What the task requires >> With the pictures omitted, please transcribe exactly the lines beginning at the one that contains "2014 Hyundai Verna" and ending with the last line of the records below.

[Short text fragments from websites]
::::

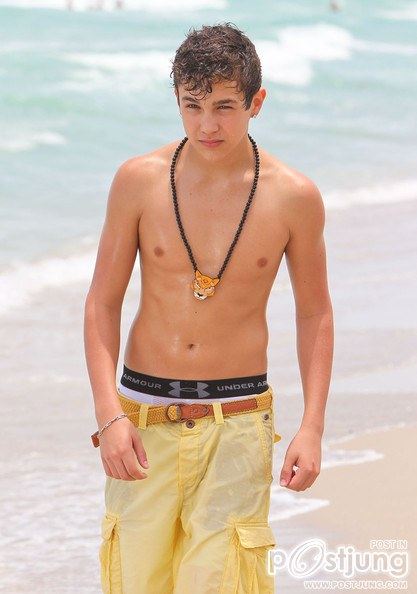 Austin Mahone Filming His Music Video In Florida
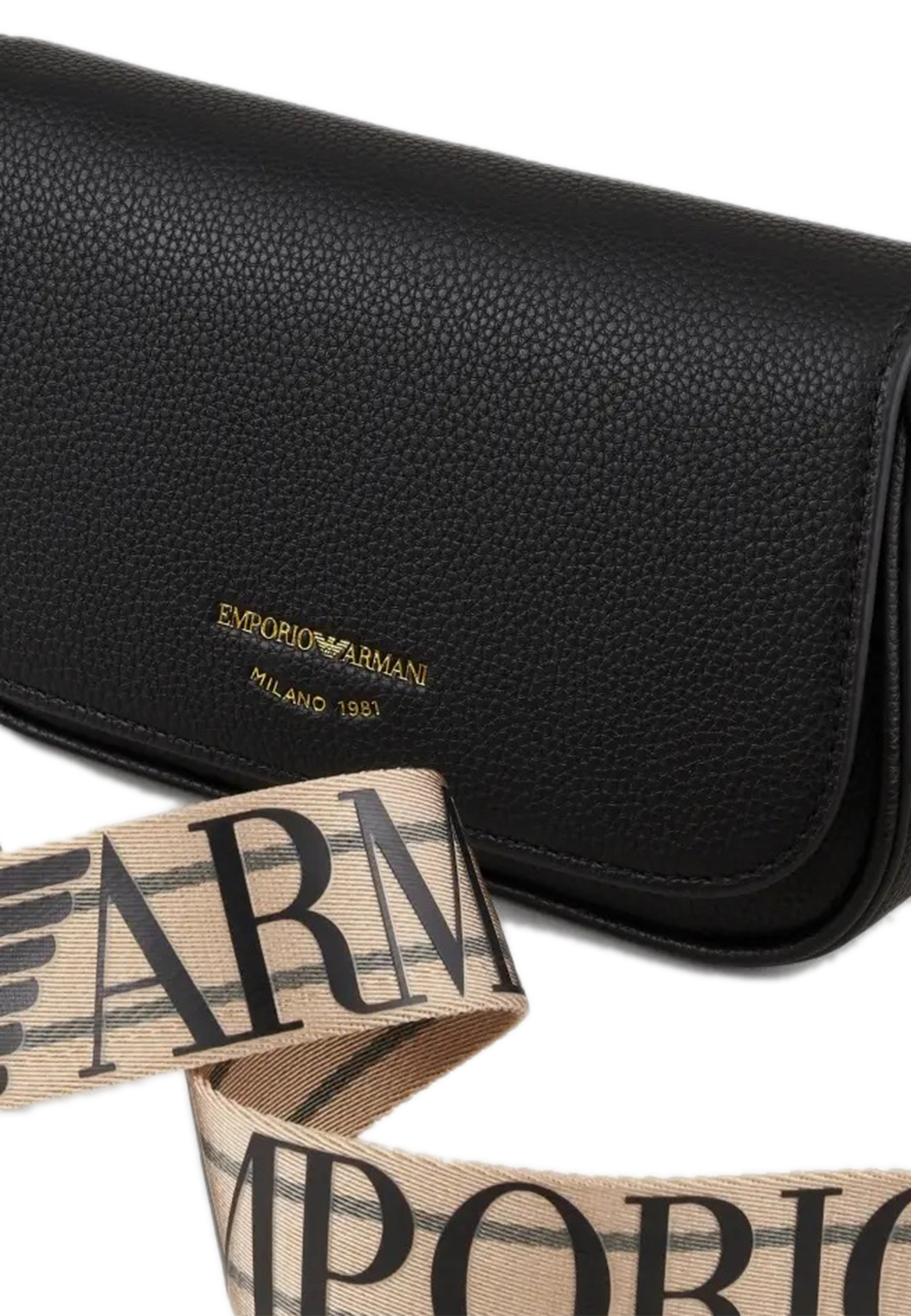 картинка Сумка EMPORIO ARMANI от магазина Одежда+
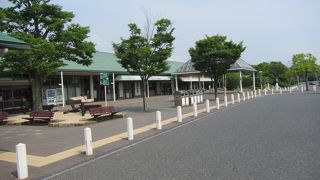 名前の通り長～い島にあるＳＡ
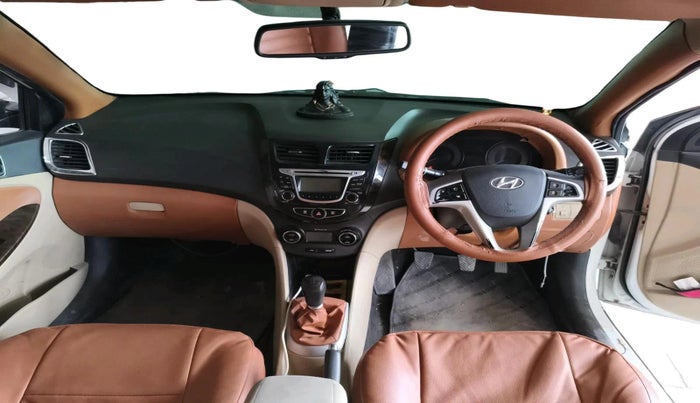 2014 Hyundai Verna FLUIDIC 1.6 VTVT SX, Petrol, Manual, 1,02,926 km, interior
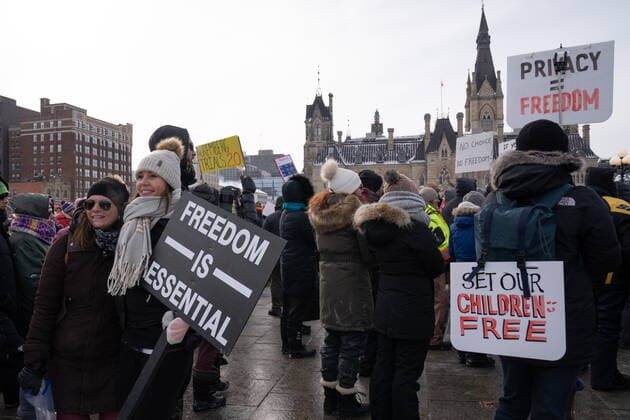 January 22, 2022, Ottawa, ON, CANADA: Demonstrators protest against public health measures taken by authorities to curb the spread of COVID-19, in Ottawa, Saturday, Jan. 22, 2022. Ottawa CANADA  - ZUMAc35_ 20220122_zaf_c35_021 Copyright: xMichaelxChisholmx
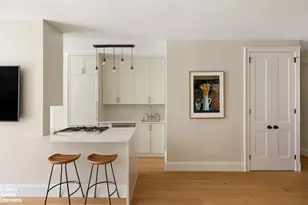 360 E 72nd St, New York City, NY 10021 - Photo 5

::::

Result for this exercise >>
 2014 Hyundai Verna FLUIDIC 1.6 VTVT SX, Petrol, Manual, 1,02,926 km, interior
 January 22, 2022, Ottawa, ON, CANADA: Demonstrators protest against public health measures taken by authorities to curb the spread of COVID-19, in Ottawa, Saturday, Jan. 22, 2022. Ottawa CANADA  - ZUMAc35_ 20220122_zaf_c35_021 Copyright: xMichaelxChisholmx
 360 E 72nd St, New York City, NY 10021 - Photo 5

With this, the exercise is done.